(Extracted information Opens)
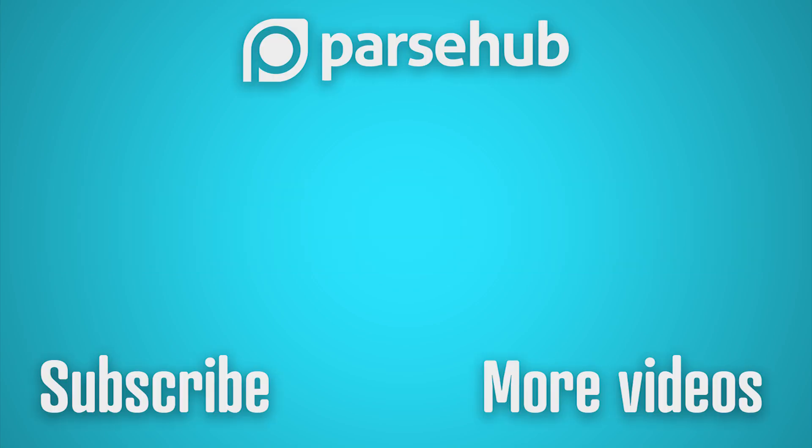Thanks for watching our video. If you want to learn more about web scraping, check us out at parsehub.com. And subscribe to our YouTube channel for more videos on web scraping, data, and the internet.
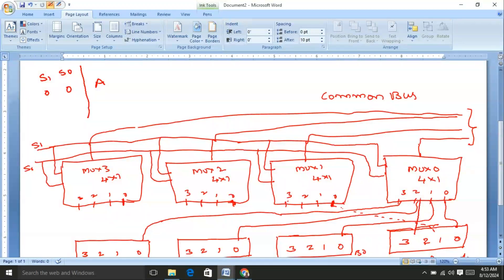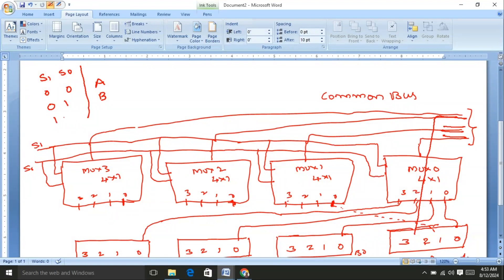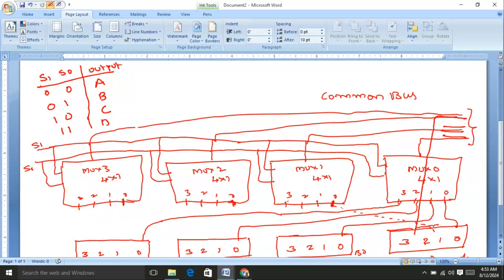When S0 is 01, the content of register B is transferred to the common bus. When S1=1 and S0=0, the content of register C is transferred to the common bus. When S1 and S0 are both 1, the content of register D is transferred to the common bus.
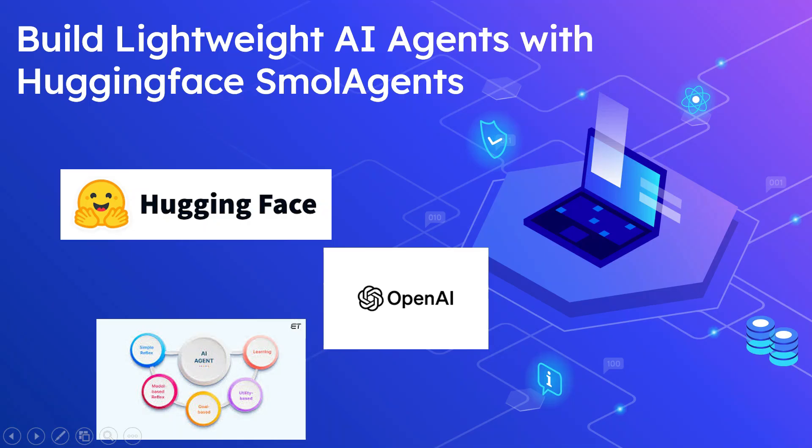Hi all, welcome to Tech Forum. In this video we will explore Hugging Face Small Agents, a lightweight and powerful framework for building AI agents. Let's dive in and see how Small Agents can help you create intelligent workflows with minimal effort.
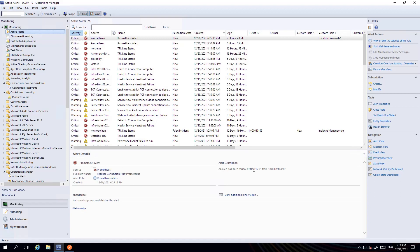You can see that the parameters have been replaced with the actual values from the Webhook that was received. It's been raised against source Prometheus which is the name of the connection. And the rule is the name of the alert itself, Prometheus Alert.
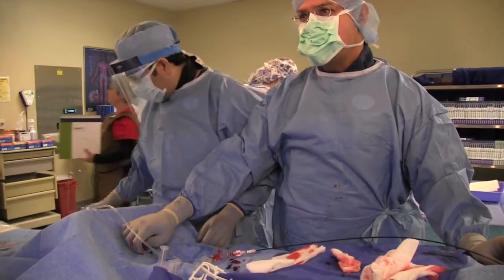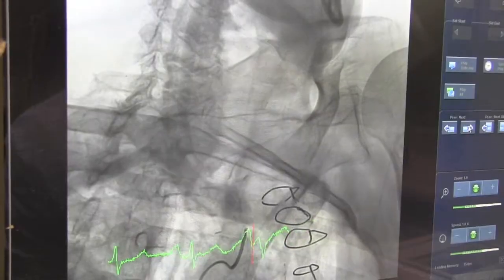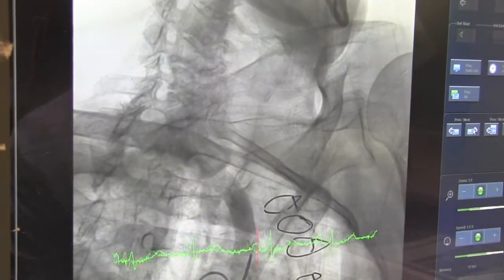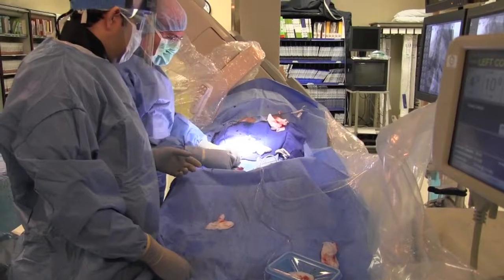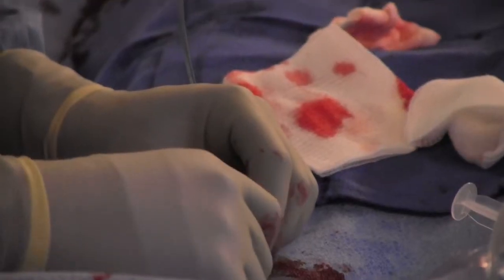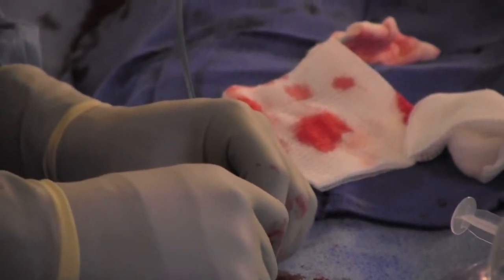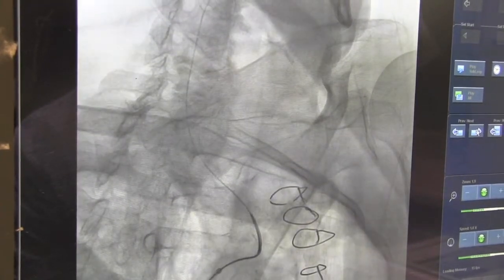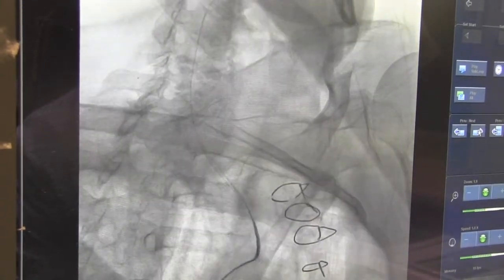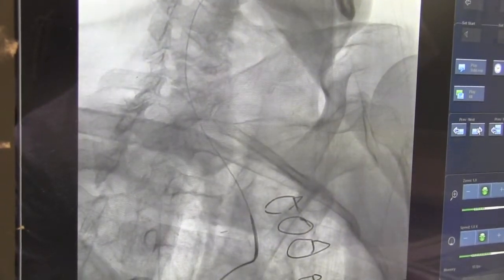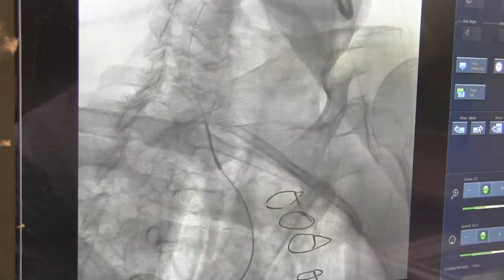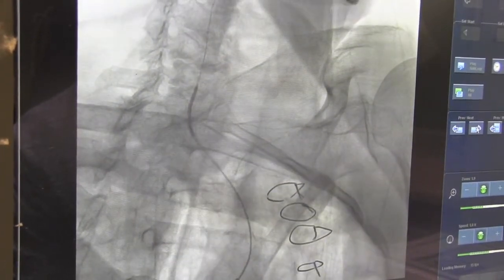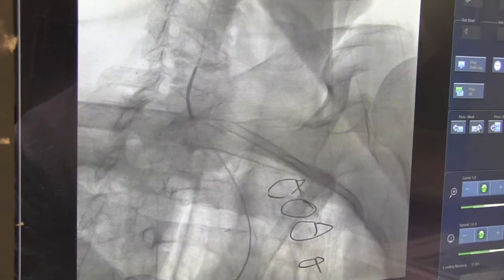Here we're performing an angiogram to confirm the position of our catheter in the brachiocephalic artery. We've then advanced a wire up the brachiocephalic artery into the right external carotid artery, and over this wire we will advance our system — the JB2 catheter being advanced into the right common carotid artery.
(Extracted information Closes)
Task instructions: Transcribe nothing but the lines from the one containing "When S0 is 01, the" through the final line of the records, exactly as written and without pictures.

Task solution:
When S0 is 01, the content of register B is transferred to the common bus. When S1=1 and S0=0, the content of register C is transferred to the common bus. When S1 and S0 are both 1, the content of register D is transferred to the common bus.
Hi all, welcome to Tech Forum. In this video we will explore Hugging Face Small Agents, a lightweight and powerful framework for building AI agents. Let's dive in and see how Small Agents can help you create intelligent workflows with minimal effort.
You can see that the parameters have been replaced with the actual values from the Webhook that was received. It's been raised against source Prometheus which is the name of the connection. And the rule is the name of the alert itself, Prometheus Alert.
Here we're performing an angiogram to confirm the position of our catheter in the brachiocephalic artery. We've then advanced a wire up the brachiocephalic artery into the right external carotid artery, and over this wire we will advance our system — the JB2 catheter being advanced into the right common carotid artery.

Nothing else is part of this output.